Why does Coaching work?
Coaching is based in positive psychology and neuroscience principles. It uses a proven conversation model to create an effective growth-oriented relationship.
The brain craves novelty and newness, but at certain levels is also hard-wired to resist change. Neuroplasticity is the brain's ability to respond to new information, letting go of old neural pathways and creating new pathways of thinking and response. Recent developments in EEG and MRI technology enable us to measure neural activity in ways that provide insight into the effectiveness of coaching.
Coaching & the Brain
Technology can now track what is happening in the brain leading up to moments of insight (that elusive “aha” moment). When the brain is trying to solve a problem, the best process is to step away from the problem and consider the situation from new angles. The coaching model evokes discovery and insight, facilitating new perspectives that lead to behavior change.
Brain function also correlates directly to it's perception of threat or safety. When the brain is feeling stress about a situation, it is limited in its ability to come up with solutions.
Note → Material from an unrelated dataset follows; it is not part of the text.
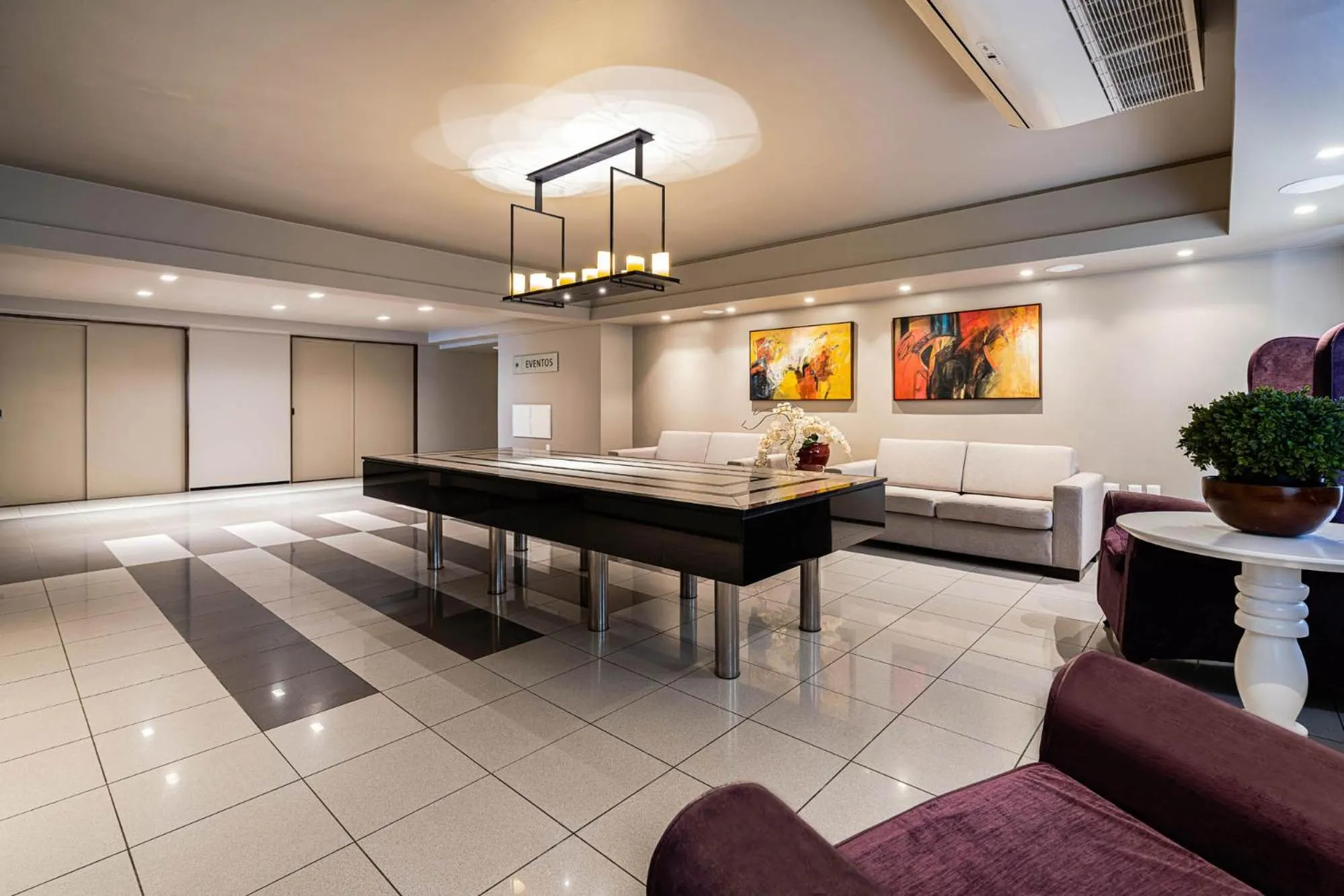 Restaurant/places to eat in Hardman Praia Hotel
By generating trust and creating safety, the brain is able to view a situation holistically and come up with solutions it wouldn’t have seen as possible before.
Rewiring the Brain
The result of the coaching conversation is that the brain is freed up to function more effectively.
- Rather than "fight or flight," the brain can operate from the executive "decision-making" center.
More executive function results in greater creativity and collaboration.
Flashes of insight occur when given space to explore.
Factors of trust and safety facilitate new possibilities.
Engaging emotions allows the brain to choose new emotions and neural pathways.